> [What is expected]
What is needed is an exact copy of the entries below, with every picture left out.
--- The data ---
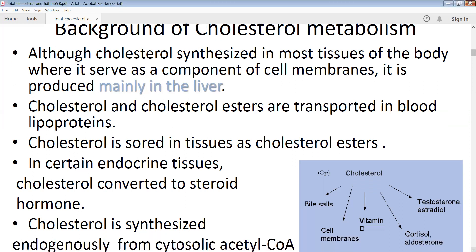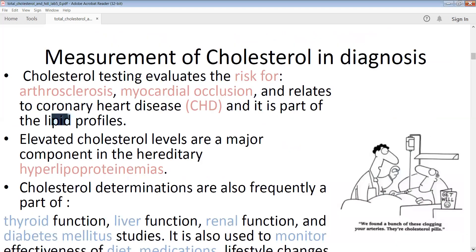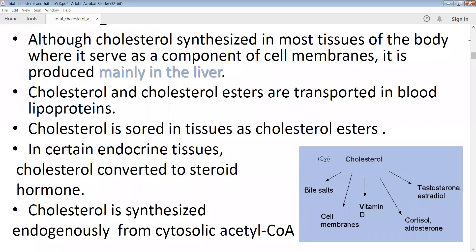Cholesterol is synthesized endogenously from cytosolic acetyl-CoA. The starting material for cholesterol synthesis is acetyl-CoA, which can be obtained from different sources: from beta-oxidation of fatty acids, or from oxidative decarboxylation via the pyruvate dehydrogenase complex enzymes involved in glucose metabolism.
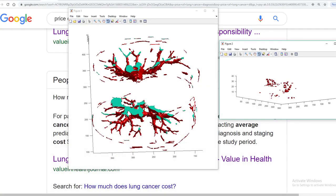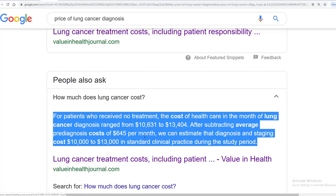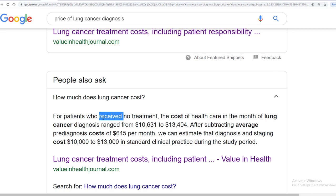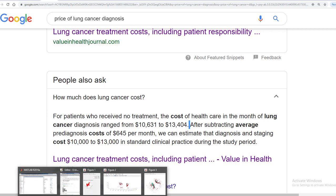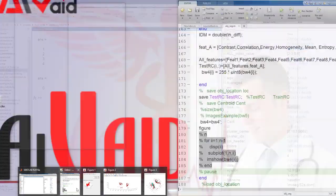So let's move toward the main. Hi guys, Ajay this side again and today I have brought another tutorial of health AI. That was my stats I was talking about - for patients who received no treatment, the cost of healthcare in the month of lung cancer diagnosis range around 10,000 to 13,000 USD. Here I will show you my output first and then move toward the main program and explain how to understand it.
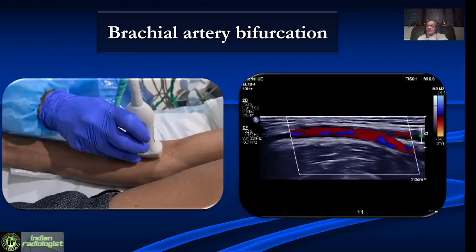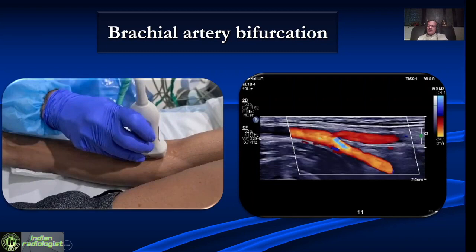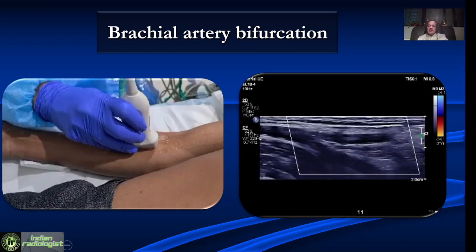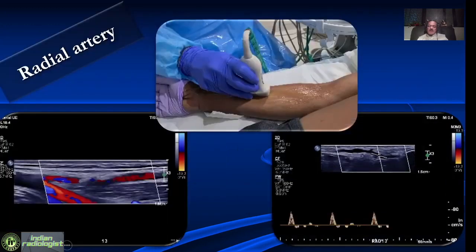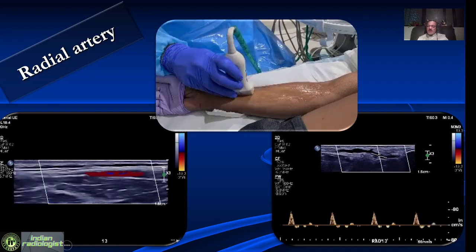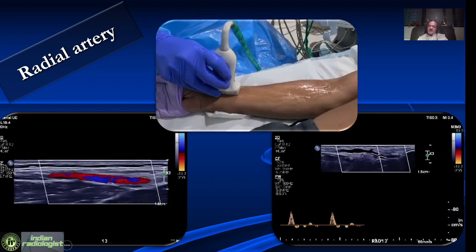It is very important to look at the brachial artery bifurcation — the radial artery going superficially and the other artery going down. We then trace the entire radial artery from its origin. It is easy to evaluate because it is superficial. As you go distally, we see a high resistance waveform. In elderly patients, we typically get a very high resistance waveform in the radial artery.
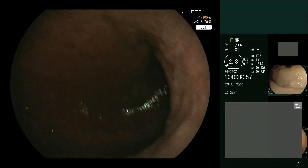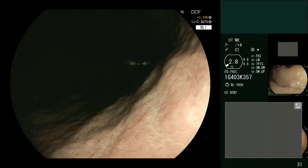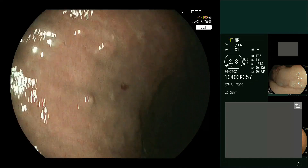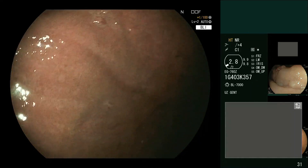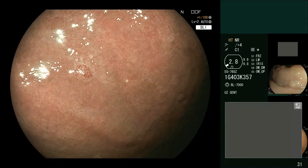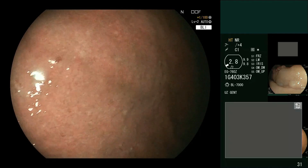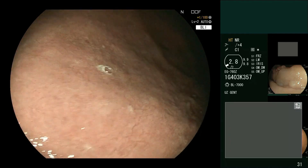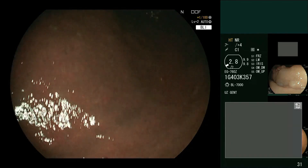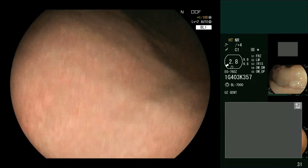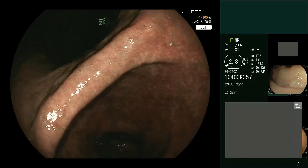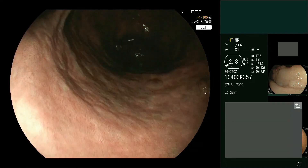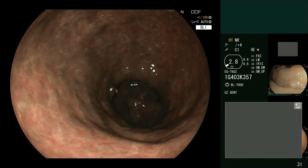I wonder if we can find any more neuroendocrine tumors in here. They do have a very characteristic appearance. I don't obviously see any right now. They are just a marker of the presence of atrophy. Right now we don't see any.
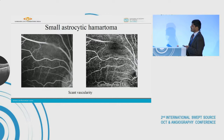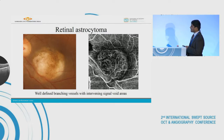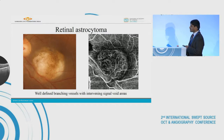In contrast to the small retinal astrocytoma, in this case we can see a large retinal astrocytoma which showed progressive growth over the last few years. On OCTA we can see abundant interconnected vascular network. The intervening signal void areas are more when compared to the vascular tumors because these tumors are solid.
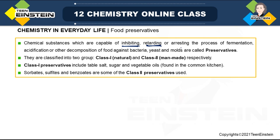After finishing artificial sweetener, next is food preservative. Food preservatives are chemical substances capable of inhibiting, retarding, or arresting the process of fermentation, acidification, or decomposition of food due to bacteria, yeast, or mold. We have two classes: Class 1 preservative, which is basically natural — compounds easily available in any kitchen like table salt, sugar, vegetable oil — and they are safer compared to Class 2.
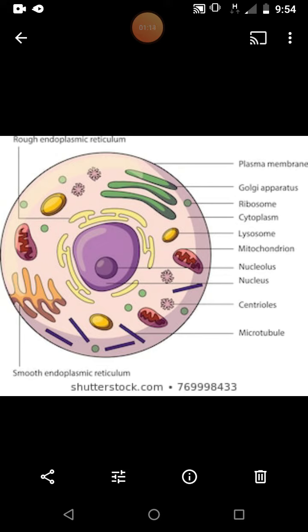Examples of eukaryotic cells are amoeba, plants, animals, and euglena — all belonging to the category of eukaryotic cells. So these are the two types of cells: prokaryotic cells and eukaryotic cells.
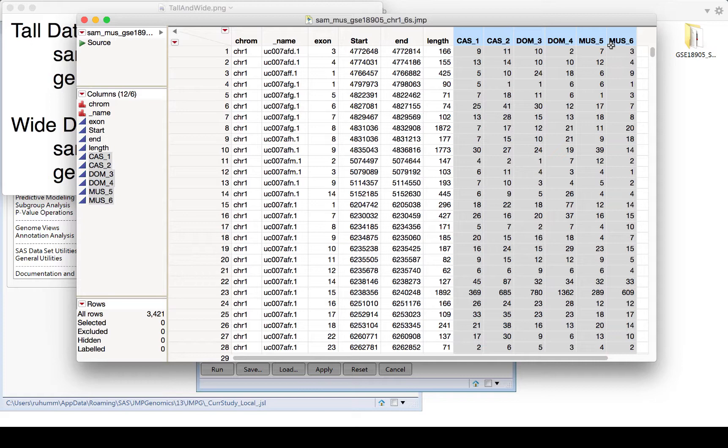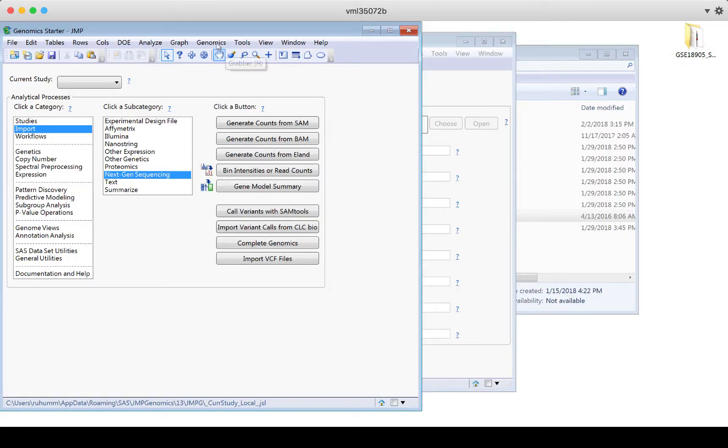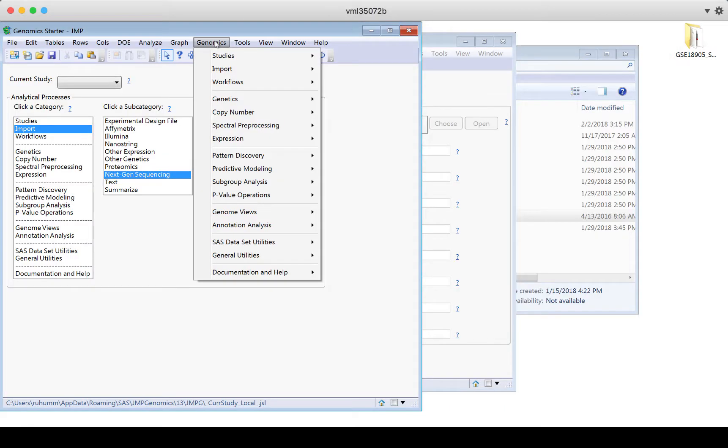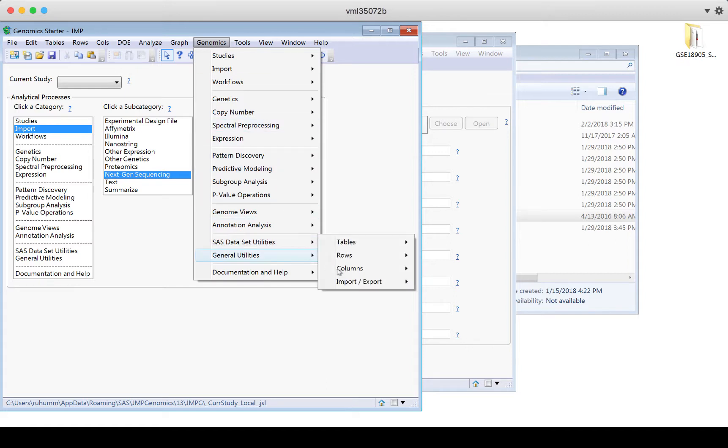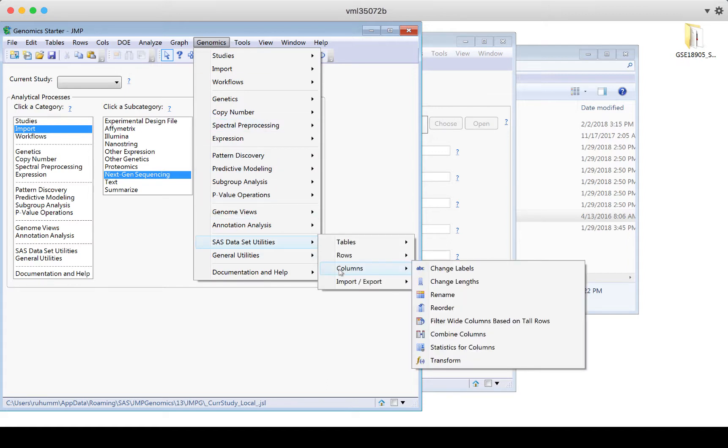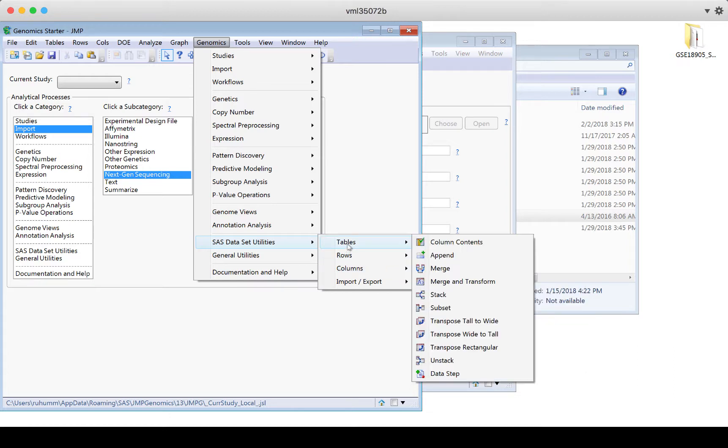If you need to switch between the two types, there's actually a button in JMP Genomics that will do this for you. You go to the Genomics tab, then to SAS Dataset Utilities, Tables, and here's transpose tall to wide or wide to tall. So there are lots of these utilities built in to make this as simple as possible for you.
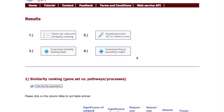The results page provides multiple outputs that are accessible via the buttons at the top of the page. I will first discuss the gene set similarity ranking table.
---
> [Exercise answer]
Cholesterol is synthesized endogenously from cytosolic acetyl-CoA. The starting material for cholesterol synthesis is acetyl-CoA, which can be obtained from different sources: from beta-oxidation of fatty acids, or from oxidative decarboxylation via the pyruvate dehydrogenase complex enzymes involved in glucose metabolism.
So let's move toward the main. Hi guys, Ajay this side again and today I have brought another tutorial of health AI. That was my stats I was talking about - for patients who received no treatment, the cost of healthcare in the month of lung cancer diagnosis range around 10,000 to 13,000 USD. Here I will show you my output first and then move toward the main program and explain how to understand it.
It is very important to look at the brachial artery bifurcation — the radial artery going superficially and the other artery going down. We then trace the entire radial artery from its origin. It is easy to evaluate because it is superficial. As you go distally, we see a high resistance waveform. In elderly patients, we typically get a very high resistance waveform in the radial artery.
I wonder if we can find any more neuroendocrine tumors in here. They do have a very characteristic appearance. I don't obviously see any right now. They are just a marker of the presence of atrophy. Right now we don't see any.
In contrast to the small retinal astrocytoma, in this case we can see a large retinal astrocytoma which showed progressive growth over the last few years. On OCTA we can see abundant interconnected vascular network. The intervening signal void areas are more when compared to the vascular tumors because these tumors are solid.
After finishing artificial sweetener, next is food preservative. Food preservatives are chemical substances capable of inhibiting, retarding, or arresting the process of fermentation, acidification, or decomposition of food due to bacteria, yeast, or mold. We have two classes: Class 1 preservative, which is basically natural — compounds easily available in any kitchen like table salt, sugar, vegetable oil — and they are safer compared to Class 2.
Examples of eukaryotic cells are amoeba, plants, animals, and euglena — all belonging to the category of eukaryotic cells. So these are the two types of cells: prokaryotic cells and eukaryotic cells.
If you need to switch between the two types, there's actually a button in JMP Genomics that will do this for you. You go to the Genomics tab, then to SAS Dataset Utilities, Tables, and here's transpose tall to wide or wide to tall. So there are lots of these utilities built in to make this as simple as possible for you.
The results page provides multiple outputs that are accessible via the buttons at the top of the page. I will first discuss the gene set similarity ranking table.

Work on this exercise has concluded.